Showing Plans, Atomic, Configuration, Migrations | Scaling Postgres 107
Join Over 1,000 Engineers & Get New Episodes Weekly!
In this episode of Scaling Postgres, we discuss how to show live query plans, the importance of atomic operations for scaling out, configuration options and DBaaS migrations.
Content Discussed
- pg_show_plans: Watching execution plans in PostgreSQL LIVE
- Optimizing SQL – Step 1: EXPLAIN in PostgreSQL – Part 1
- Atomic commit and Atomic visibility for PostgreSQL. Explained!

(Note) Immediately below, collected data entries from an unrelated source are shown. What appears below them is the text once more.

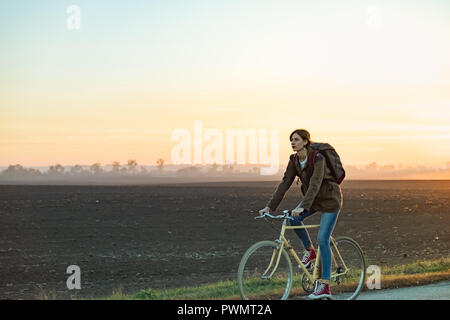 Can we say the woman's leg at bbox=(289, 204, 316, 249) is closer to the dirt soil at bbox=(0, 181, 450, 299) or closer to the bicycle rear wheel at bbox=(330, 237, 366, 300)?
the bicycle rear wheel at bbox=(330, 237, 366, 300)

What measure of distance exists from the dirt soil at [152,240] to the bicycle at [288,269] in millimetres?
8329

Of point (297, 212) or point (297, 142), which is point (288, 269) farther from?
point (297, 142)

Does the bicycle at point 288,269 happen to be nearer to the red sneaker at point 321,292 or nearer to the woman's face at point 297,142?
the red sneaker at point 321,292

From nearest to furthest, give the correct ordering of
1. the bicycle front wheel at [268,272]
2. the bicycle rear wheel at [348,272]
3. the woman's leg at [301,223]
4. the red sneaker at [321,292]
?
the bicycle front wheel at [268,272] < the woman's leg at [301,223] < the red sneaker at [321,292] < the bicycle rear wheel at [348,272]

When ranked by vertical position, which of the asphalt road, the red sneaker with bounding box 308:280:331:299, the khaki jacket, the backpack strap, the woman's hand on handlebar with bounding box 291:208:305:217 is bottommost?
the asphalt road

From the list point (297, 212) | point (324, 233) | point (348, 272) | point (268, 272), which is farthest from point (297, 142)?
point (348, 272)

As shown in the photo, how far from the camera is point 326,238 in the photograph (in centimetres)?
761

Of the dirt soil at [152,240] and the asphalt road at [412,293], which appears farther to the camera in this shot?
the dirt soil at [152,240]

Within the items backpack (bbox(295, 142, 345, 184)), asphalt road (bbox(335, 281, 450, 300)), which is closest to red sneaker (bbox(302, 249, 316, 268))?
asphalt road (bbox(335, 281, 450, 300))

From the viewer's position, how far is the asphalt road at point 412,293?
27.5 feet

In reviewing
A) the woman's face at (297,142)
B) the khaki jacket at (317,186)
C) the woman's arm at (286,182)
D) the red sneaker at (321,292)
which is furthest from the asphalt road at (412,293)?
the woman's face at (297,142)

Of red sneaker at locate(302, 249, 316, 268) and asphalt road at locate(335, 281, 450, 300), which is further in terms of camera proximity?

- What's wrong with Postgres?
- [YouTube] How to use postgresql.conf to configure and tune the PostgreSQL server
- A Tale About Migrating a PostgreSQL Database Between Different DBaaS Providers
- Embedded SQL in C for PostgreSQL with ecpg
- Logical Replication Between PostgreSQL and MongoDB
- Developing PostgreSQL for Windows, Part 3
- PostgreSQL GSSAPI Authentication with Kerberos part-2: PostgreSQL Configuration
- Dave Cramer
- Tile Serving with Dynamic Geometry
YouTube Video
Podcast Audio
Transcript
All right. I hope you, your friends, family, and coworkers continue to do well. Our first piece of content is "PG_SHOW_PLANS: WATCHING EXECUTION PLANS IN POSTGRESQL LIVE". This is from cybertec-postgresql.com and they're talking about a new extension that I believe they've released called pg_show_plans. It allows you to see active query plans. They mentioned there will be some overhead to this, but the performance overhead of pg_show_plans will be discussed in a future blog post. But this tells you how to get started using the extension. So you have to clone the repo from cybertec-postgresql.com. It shows you how to set an environmental variable and do a make and install. Basically, they give you all the commands. And then you need to add it to your shared preload library. So it will require a restart. But once you get that setup, you can look at query plans.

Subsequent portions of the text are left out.